His eyes were everywhere, informants on payroll in every corner of the city, but calling him in would mean admitting weakness. No, I’ll try my own network first.
I texted my hacker buddy, fingers flying over the cracked screen: Can you try tracing the IP on the latest Anonymous post. The one with my pics. Deep dive—origins, any linked accounts or patterns. I owe you big."
He replied almost immediately: "On it. Give me a few hours. This guy’s slippery, he has proxies everywhere last time I checked."
Good enough. Then, the whisperer. Faceless in my memory, but the words were too personal, too pointed. Knew about Kianna, about the "loss" to Lysander.
Had to be someone close to the circle. Lysander himself? Too obvious—he was playing the wounded hero now. Trent? That buzz-cut asshole fits the profile. He’s sneaky and connected through his "loaded dad."

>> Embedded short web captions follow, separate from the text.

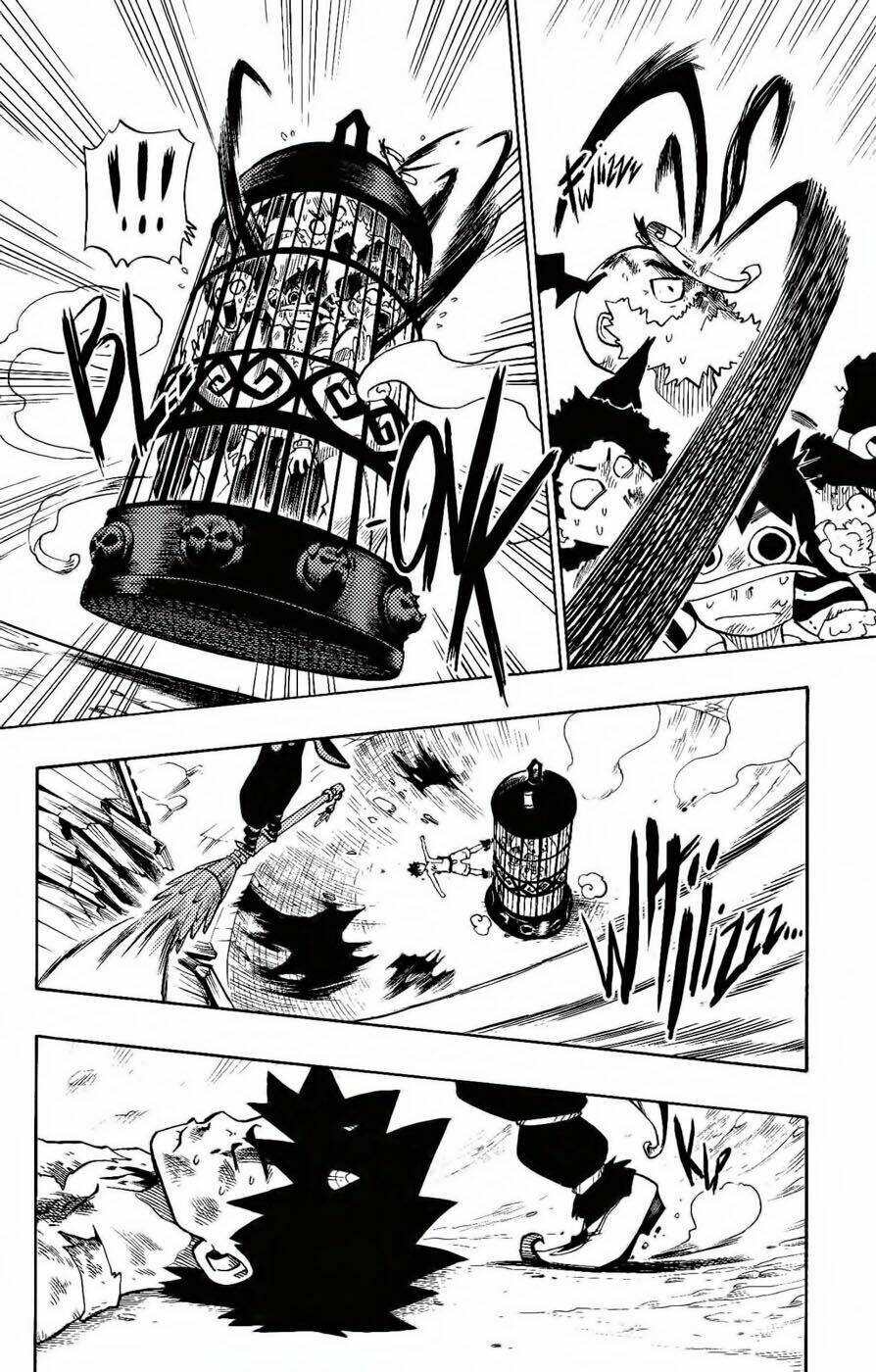 Radiant: Chapter 1.3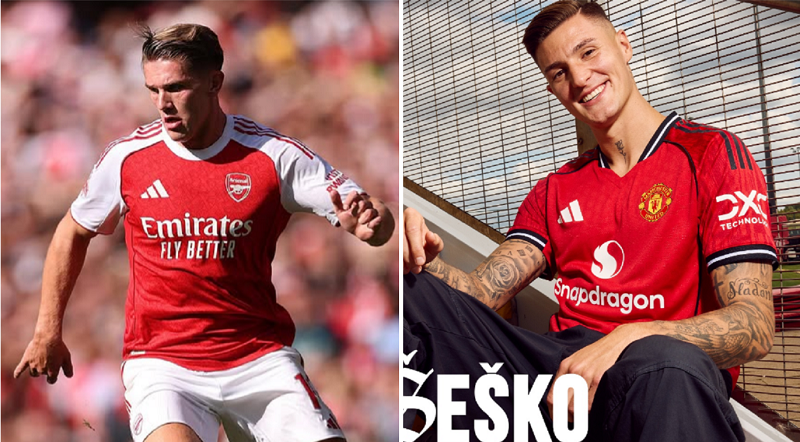 Gyokeres vs Sesko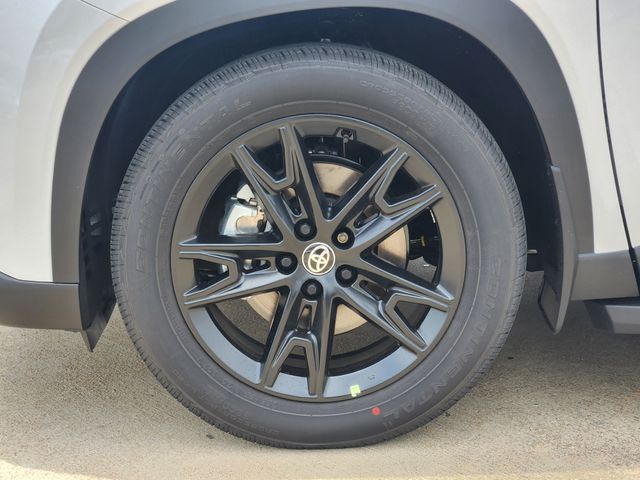 2026 Toyota Grand Highlander Limited  at Toyota of Victoria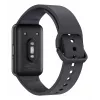Smartwatch Samsung Galaxy Fit3 – caixa retangular em alumínio 40 mm, 1,6 polegadas AMOLED, frequência cardíaca, barómetro, 5 ATM, Bluetooth 5.3, 208 mAh
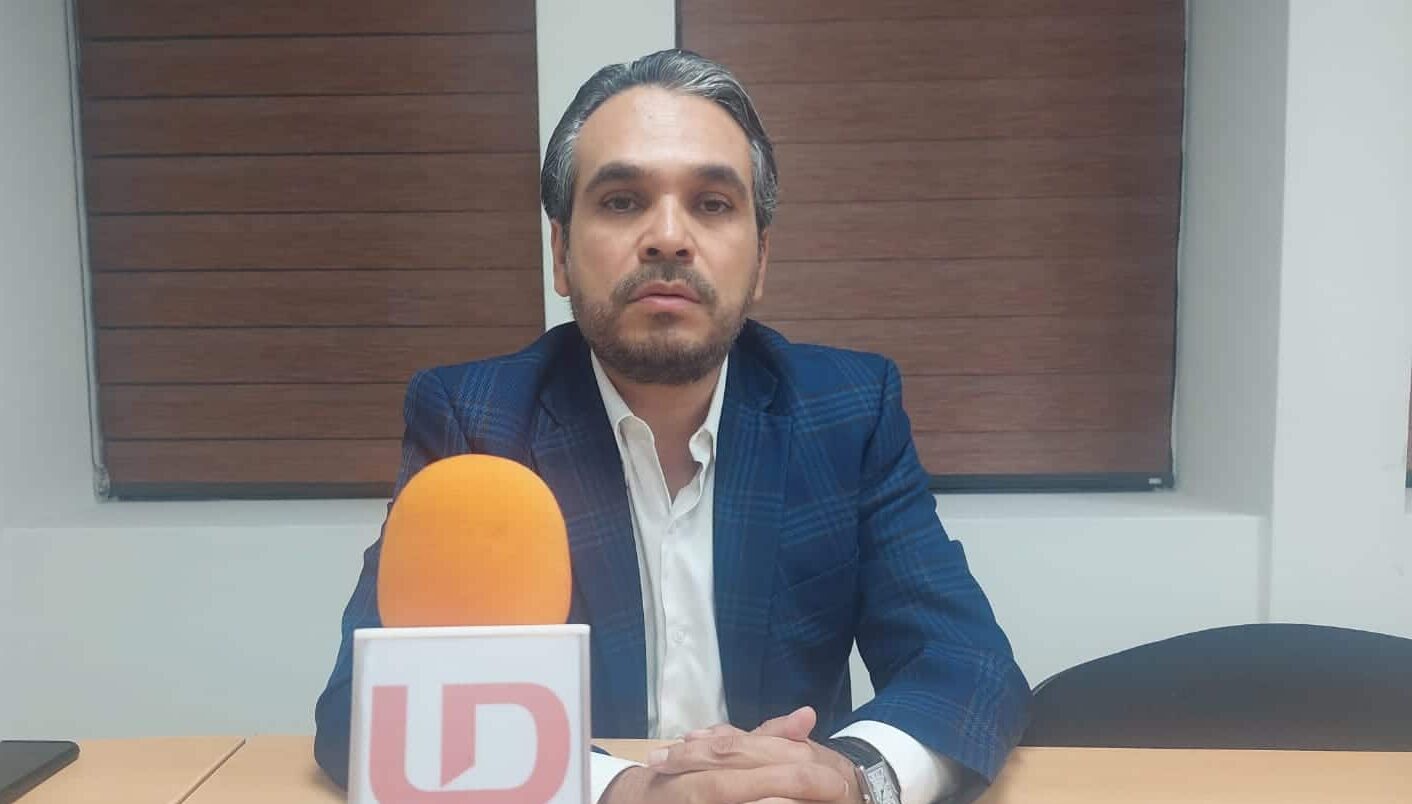 Sergio Mario Arredondo Salas en entrevista con Línea Directa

Or Maddox, the entitled lacrosse prick, stirring shit for fun, getting back at Kianna for rejecting him. He’d bullied her at the lockers yesterday, reveling in the rumors. Wouldn’t put it past him to escalate. 𝕗𝚛𝚎𝚎𝐰𝗲𝗯𝗻𝚘𝚟𝚎𝗹.𝕔𝐨𝕞
I dressed quick—jeans that smelled faintly of smoke, a black hoodie to blend into the shadows and boots laced tight for whatever came next.
The house felt empty, echoes of Kianna’s presence mocking me: a forgotten hair tie on the dresser, the faint scent of her shampoo in the air. I shoved it down, focusing on the hunt.
In the garage, my bike gleamed under the fluorescent light, mocking my hangover with its sleek unyielding frame. I swung a leg over the leather seat and reached for the helmet.
Just then my phone dinged again, this time it was a private message from an unknown number with no profile pic.
It says:"Enjoy the spotlight, Mordred. She’s next."
Obviously anonymous. He’s now
taunting me directly huh. My grip tightened on the handlebars making my knuckles ache.
She’s next? The threat hung heavy, fueling the fire. I revived the engine, the roar echoing off the walls like a battle cry with its tires screeching as I peeled out into the street.
Game on. I’d hunt them down—trace every digital footprint, shake down every contact and expose every dirty secret.
And when I had them cornered, begging for mercy... mercy wouldn’t be in my vocabulary. Not after this shit.
But first—Kianna. I had to warn her about this setup, explain the photos were fake, that I hadn’t betrayed her.
If she’d even listen after last night, after I’d grabbed her wrist too hard and let the jealousy spill over.
The city blurred past in a rush of concrete and neon, wind cutting through my hoodie like accusations from every direction. This wasn’t just a game anymore. It was a war. And I intended to win, no matter the cost.